**Required action:** Pictures excluded, output the lines of the data below between the one holding "玫瑰爱情花朵图标svg_新图网 https://ixintu.com 2圈" and the one holding "Jacket Supplier - New", inclusive, exactly as they stand.

**Records to use:**
• • • • • • •
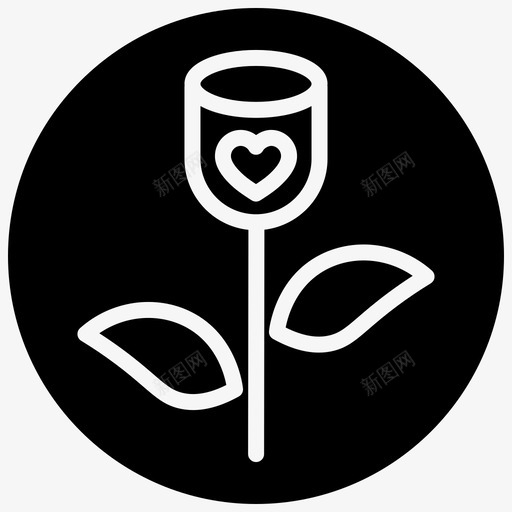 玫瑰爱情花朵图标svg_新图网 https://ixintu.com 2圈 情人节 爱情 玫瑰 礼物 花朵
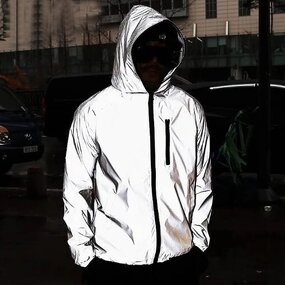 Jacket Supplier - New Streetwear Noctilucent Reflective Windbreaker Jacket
• • • • • • •
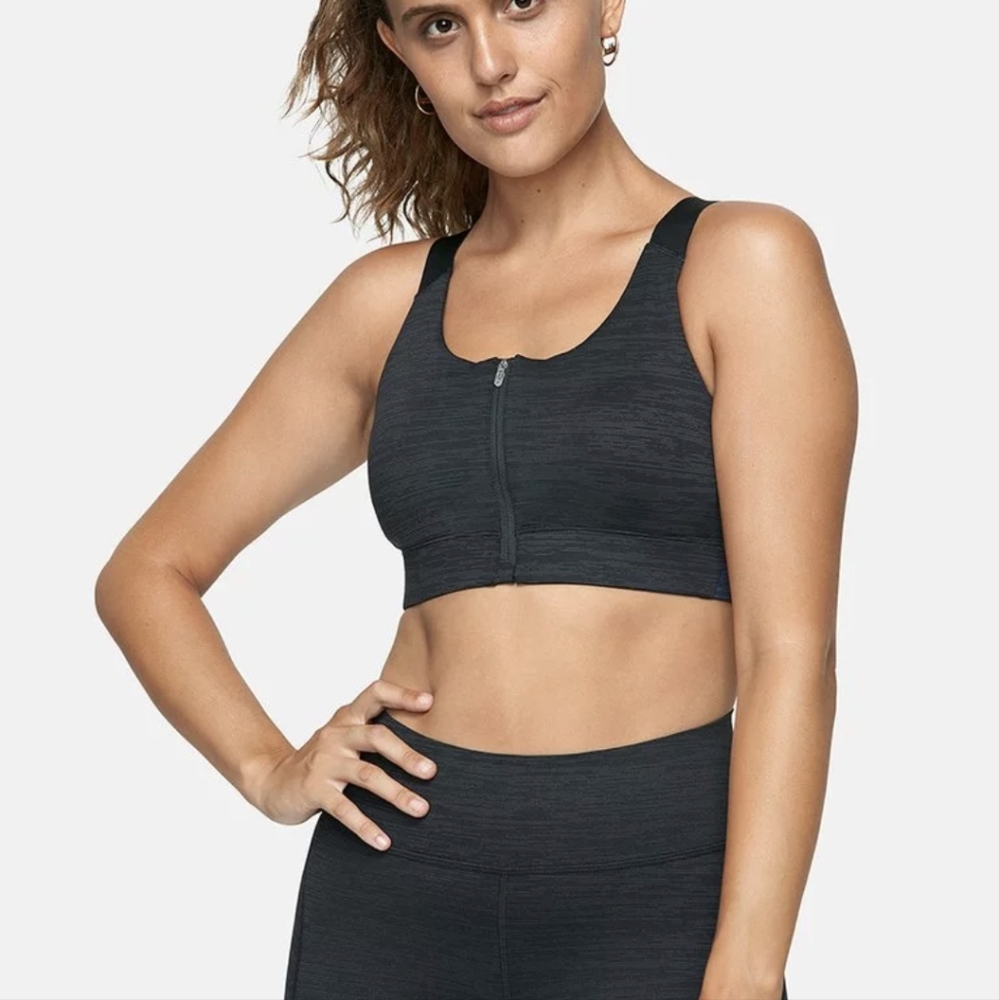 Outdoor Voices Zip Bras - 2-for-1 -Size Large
• • • • • • •
**Written answer:**
 玫瑰爱情花朵图标svg_新图网 https://ixintu.com 2圈 情人节 爱情 玫瑰 礼物 花朵
 Jacket Supplier - New Streetwear Noctilucent Reflective Windbreaker Jacket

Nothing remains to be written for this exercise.